▸ **DATA BELOW**:
· · · · ·

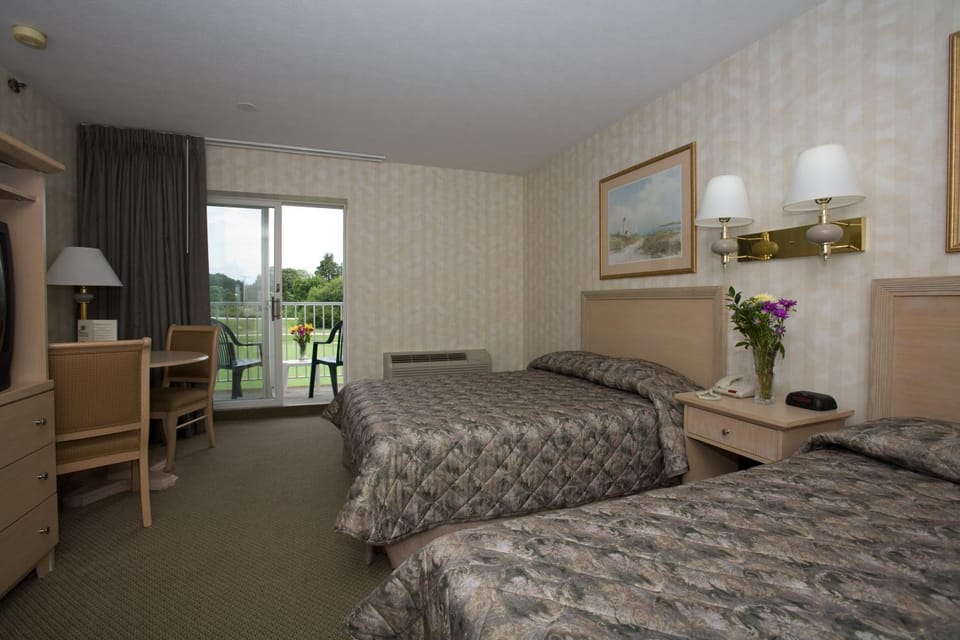 Winnapaug Inn Hotel in Misquamicut
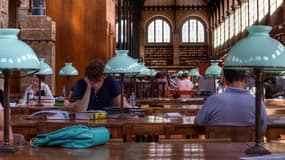 La bibliothèque de la Sorbonne à Paris.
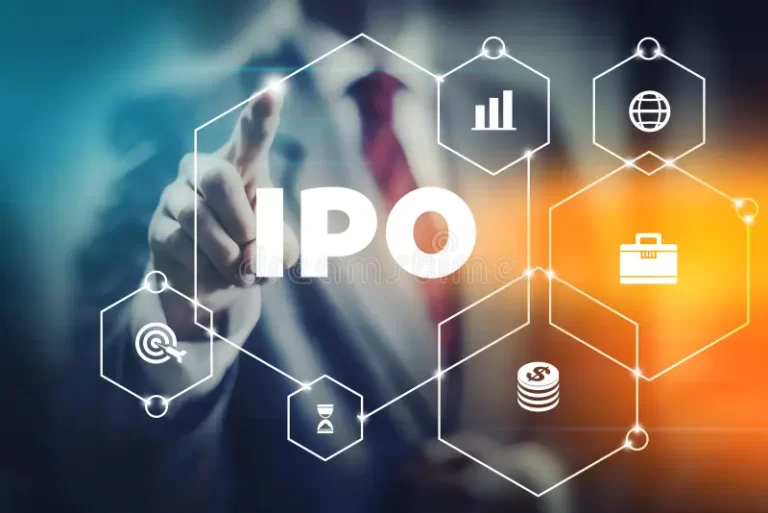 ipo-initial-public-offering-initial-public-offering-ipo-concept-image-businessman-selecting-stock-trading-interface-135508382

· · · · ·

▸ **THE PROBLEM**:
Retype the whole listing above exactly as written. Skip the pictures.

▸ **REPLY**:
 Winnapaug Inn Hotel in Misquamicut
 La bibliothèque de la Sorbonne à Paris.
 ipo-initial-public-offering-initial-public-offering-ipo-concept-image-businessman-selecting-stock-trading-interface-135508382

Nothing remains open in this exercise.